Like how your swipes feel great, but your dates feel bad? Or how you’ve been pushed to delete them all off your home screen, only to redownload them a few weeks later? Have you ever wondered if this cycle is by design?
Last summer, New York Magazine published an entire issue evaluating the last ten years of dating apps. We polled thousands of daters about their habits, their horror stories, and what they’ve learned — and then I spoke with nearly a hundred of them. What I found was that most daters felt burnt out by the apps, and most daters blamed themselves. They’d say, “Maybe I’m not hot enough, not funny enough, or I’m just plain bad at the apps.” I’d ask, “Well, why are you still using them?” And they’d say, “Well, what else am I supposed to do?”
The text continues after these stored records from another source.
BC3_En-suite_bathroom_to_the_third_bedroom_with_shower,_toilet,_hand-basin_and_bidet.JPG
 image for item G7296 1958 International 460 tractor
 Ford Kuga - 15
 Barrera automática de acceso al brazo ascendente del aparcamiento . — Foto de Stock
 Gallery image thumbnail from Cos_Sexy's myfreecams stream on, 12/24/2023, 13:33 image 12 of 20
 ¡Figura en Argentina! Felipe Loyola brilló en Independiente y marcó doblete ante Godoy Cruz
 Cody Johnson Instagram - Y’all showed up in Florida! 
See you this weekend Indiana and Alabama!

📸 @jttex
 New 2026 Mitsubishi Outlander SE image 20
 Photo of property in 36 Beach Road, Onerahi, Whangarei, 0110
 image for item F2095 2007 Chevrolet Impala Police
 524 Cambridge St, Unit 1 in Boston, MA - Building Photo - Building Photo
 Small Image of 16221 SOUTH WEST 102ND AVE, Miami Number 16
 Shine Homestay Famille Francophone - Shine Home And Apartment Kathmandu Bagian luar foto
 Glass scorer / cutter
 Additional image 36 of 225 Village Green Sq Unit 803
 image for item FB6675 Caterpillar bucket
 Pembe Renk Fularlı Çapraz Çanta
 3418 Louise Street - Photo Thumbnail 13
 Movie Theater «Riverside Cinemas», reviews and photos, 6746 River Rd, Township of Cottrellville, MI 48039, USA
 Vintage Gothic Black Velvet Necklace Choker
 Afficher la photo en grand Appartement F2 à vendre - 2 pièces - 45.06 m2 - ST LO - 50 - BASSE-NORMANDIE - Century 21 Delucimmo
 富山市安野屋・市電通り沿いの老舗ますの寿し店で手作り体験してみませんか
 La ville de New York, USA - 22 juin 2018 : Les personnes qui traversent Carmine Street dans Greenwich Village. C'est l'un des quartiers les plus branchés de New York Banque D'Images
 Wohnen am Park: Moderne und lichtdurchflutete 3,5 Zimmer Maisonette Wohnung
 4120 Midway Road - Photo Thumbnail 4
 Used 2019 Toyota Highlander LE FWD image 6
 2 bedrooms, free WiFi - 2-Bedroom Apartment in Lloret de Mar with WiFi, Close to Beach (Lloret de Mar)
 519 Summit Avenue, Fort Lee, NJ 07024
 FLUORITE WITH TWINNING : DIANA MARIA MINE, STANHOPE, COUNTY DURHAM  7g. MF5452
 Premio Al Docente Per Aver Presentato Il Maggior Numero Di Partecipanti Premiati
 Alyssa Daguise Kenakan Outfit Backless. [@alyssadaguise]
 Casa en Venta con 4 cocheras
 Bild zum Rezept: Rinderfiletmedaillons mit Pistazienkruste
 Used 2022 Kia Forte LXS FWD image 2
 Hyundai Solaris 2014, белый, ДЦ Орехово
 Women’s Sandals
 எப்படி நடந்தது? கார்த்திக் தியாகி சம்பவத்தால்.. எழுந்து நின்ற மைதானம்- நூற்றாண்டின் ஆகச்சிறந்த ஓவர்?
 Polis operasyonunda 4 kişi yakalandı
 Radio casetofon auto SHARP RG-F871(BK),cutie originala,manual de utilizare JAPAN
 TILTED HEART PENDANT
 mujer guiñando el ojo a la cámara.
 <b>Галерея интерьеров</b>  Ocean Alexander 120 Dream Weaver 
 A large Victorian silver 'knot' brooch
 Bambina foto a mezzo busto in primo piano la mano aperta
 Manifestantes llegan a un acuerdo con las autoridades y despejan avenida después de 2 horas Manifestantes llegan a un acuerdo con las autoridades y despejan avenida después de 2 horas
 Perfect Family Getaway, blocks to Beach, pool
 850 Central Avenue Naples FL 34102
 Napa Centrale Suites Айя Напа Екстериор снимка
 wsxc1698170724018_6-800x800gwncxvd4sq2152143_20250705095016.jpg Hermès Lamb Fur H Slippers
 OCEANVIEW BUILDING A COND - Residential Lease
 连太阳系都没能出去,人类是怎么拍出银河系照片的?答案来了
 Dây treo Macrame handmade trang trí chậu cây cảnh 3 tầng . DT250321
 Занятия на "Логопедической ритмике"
Vox Media’s award-winning narrative podcast series, Land of the Giants, returns with a new season on Wednesday, January 11. In partnership with the Verge and New York Magazine’s the Cut, we’ll explore the multibillion-dollar industry of dating apps. I’ll be hosting alongside Lakshmi Rengarajan, who spent several years at Match Group, the conglomerate behind most of the world’s most popular dating apps; together, we’ll trace a decade of dating apps and tell the story of how the adoption of this technology revolutionized our modern understanding of dating.
This six-episode season features interviews with current and former employees, founders, and executives from companies like Tinder, Plenty of Fish, Hinge, and Match Group. We’ll also talk to critics and experts like author Nancy Jo Sales, data scientist Cathy O’Neil, and anthropologist Natasha Schull to analyze the impact of this industry on culture. The season is underpinned by conversations with dozens of app users grappling with the question of whether the business goals of dating-app companies align with their romantic aspirations.